The Regulation seeks to address the “superior bargaining power” of certain platforms and is the first direct regulation of online platforms by the EU. It may well not be the last. A panel of experts appointed by (outgoing) Competition Commissioner Vestager recently recommended bolstering competition rules with regulation in their report “Competition policy for the digital era”, a position that the Commissioner herself has publicly supported.
The Regulation imposes a number of transparency and fairness requirements including:
- Self-preferencing: Providers that are also sellers of goods and services on the same platform must disclose any advantages granted their own goods and services.
- Ranking transparency: Providers must disclose the main parameters they use to rank goods and services (but not their ranking algorithms which are protected trade secrets) as well as whether ranking may be influenced by payment or other remuneration.

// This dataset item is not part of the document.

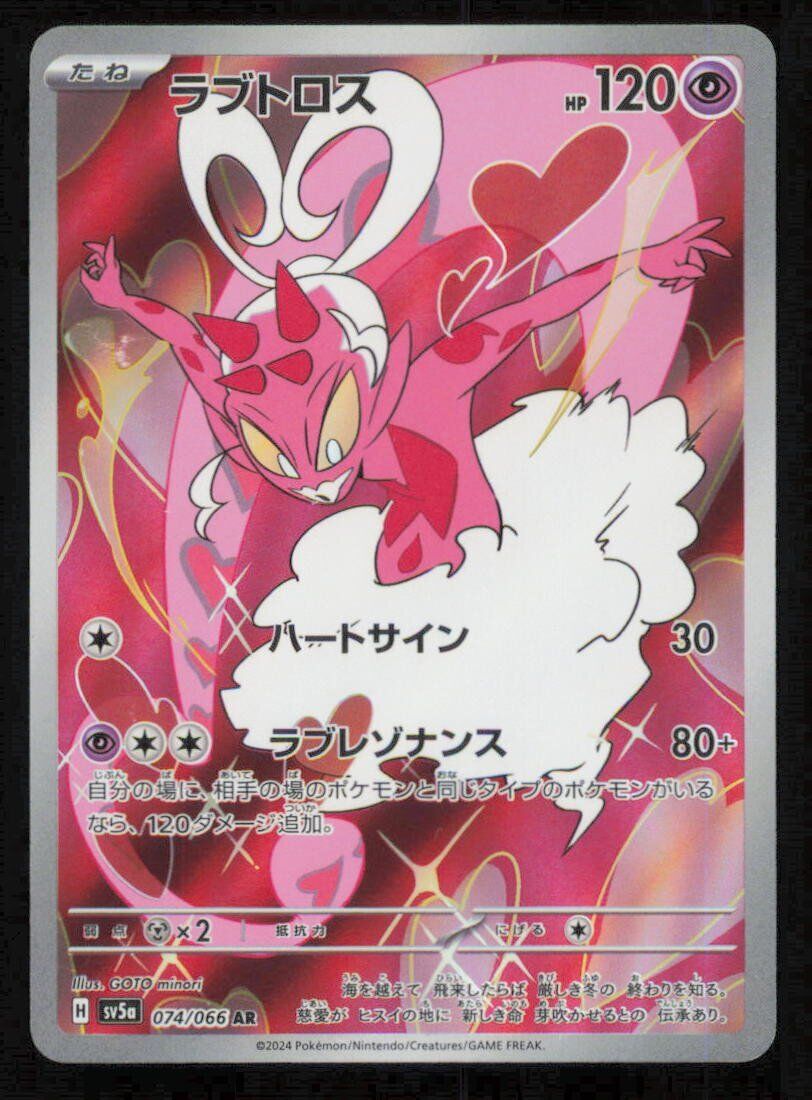 Enamorus (074/066) AR Pokemon Card Japanese Crimson Haze Full Art Rare Holo LP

- MFN clauses: Providers must state the main economic, commercial or legal reasons for any requirement that traders not offer their goods or services at more favorable conditions elsewhere (“most-favored nation” or MFN clauses).
- Data access: Platform terms and conditions must describe what technical and contractual access business users may or may not have to data generated through, or provided to the platform. Providers must also disclose the scope and nature of their own access to such data.
- Terms and conditions: Terms and conditions must be easily accessible and drafted in plain and intelligible language. Amendments require at least 15 days’ notice and cannot be retroactive. Business users must have the right to terminate if they do not accept the proposed amendments.
- Termination rights: A platform must give business users at least 30 days’ notice before termination and provide a statement of reasons.
- Internal complaints handling and out-of-court dispute settlement: Platforms that do not qualify as “small enterprises” must set up internal complaints handling systems and identify two or more mediators with whom they are willing to engage.
- Enforcement: Representative organizations and/or public bodies will be able to initiate judicial proceedings against platforms that fail to comply and Member States may establish penalties for violations of the Regulation.
Link with competition law
The Regulation is clearly inspired by concerns similar to those behind recent EU competition cases against several large technology and e-commerce companies. Most conspicuously, the European Commission has in recent years fined Google several billions of euros for platform-based conduct. However, the new Regulation applies without prejudice to competition law and covers online platforms and search engines regardless of whether or not they are dominant. Conduct covered by the Regulation’s transparency requirements may nonetheless infringe competition law if carried out by a dominant platform, and certain terms, e.g., “wide” MFN clauses, while not banned by the Regulation, may nonetheless be caught by EU rules on anticompetitive agreements.